» **Given material**

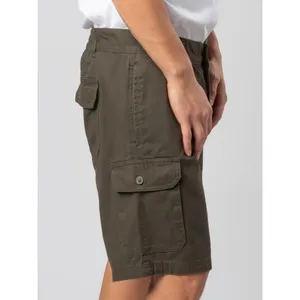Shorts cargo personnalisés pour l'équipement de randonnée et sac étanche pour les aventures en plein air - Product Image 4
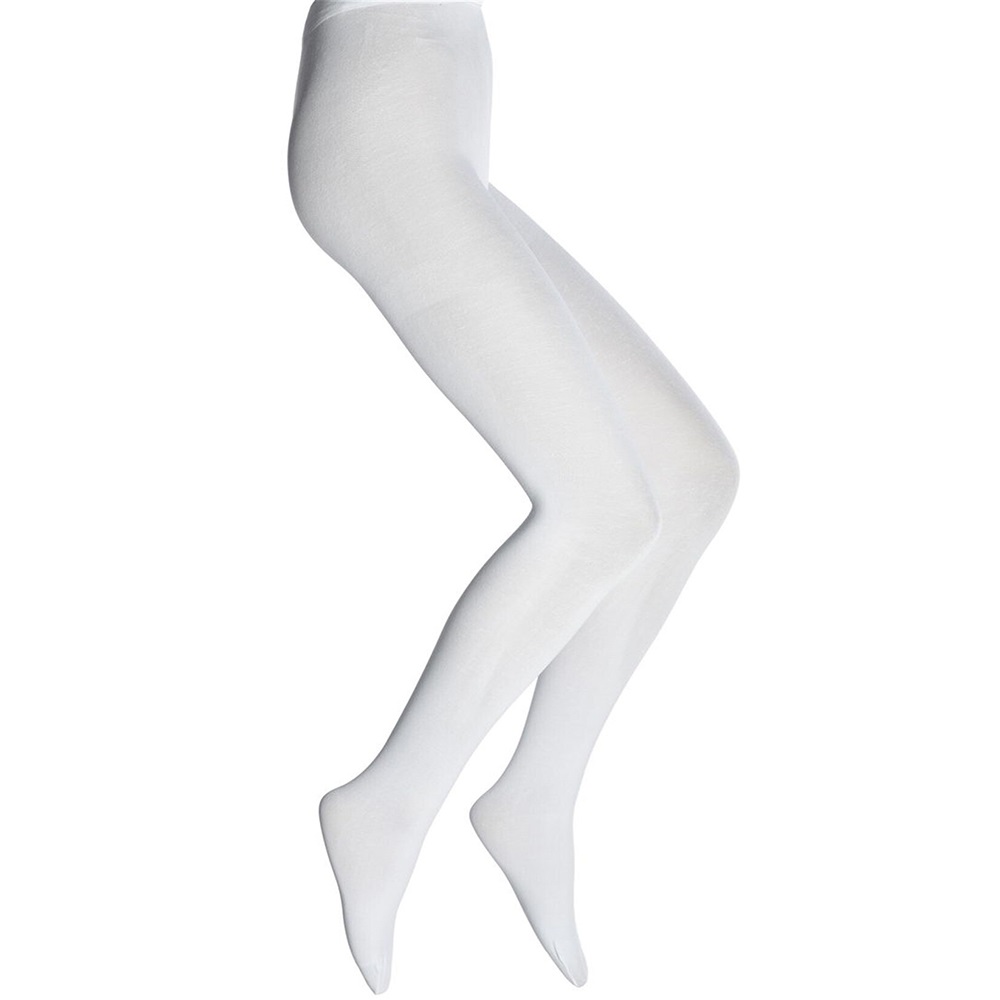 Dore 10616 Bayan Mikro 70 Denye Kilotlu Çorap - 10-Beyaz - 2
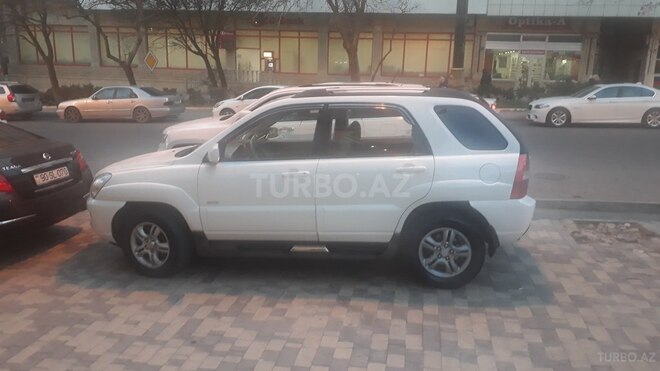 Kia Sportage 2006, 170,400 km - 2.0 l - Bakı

» **Brief**
All of the data above needs to be retyped exactly, with the pictures removed.

» **Exercise solution**
Shorts cargo personnalisés pour l'équipement de randonnée et sac étanche pour les aventures en plein air - Product Image 4
 Dore 10616 Bayan Mikro 70 Denye Kilotlu Çorap - 10-Beyaz - 2
 Kia Sportage 2006, 170,400 km - 2.0 l - Bakı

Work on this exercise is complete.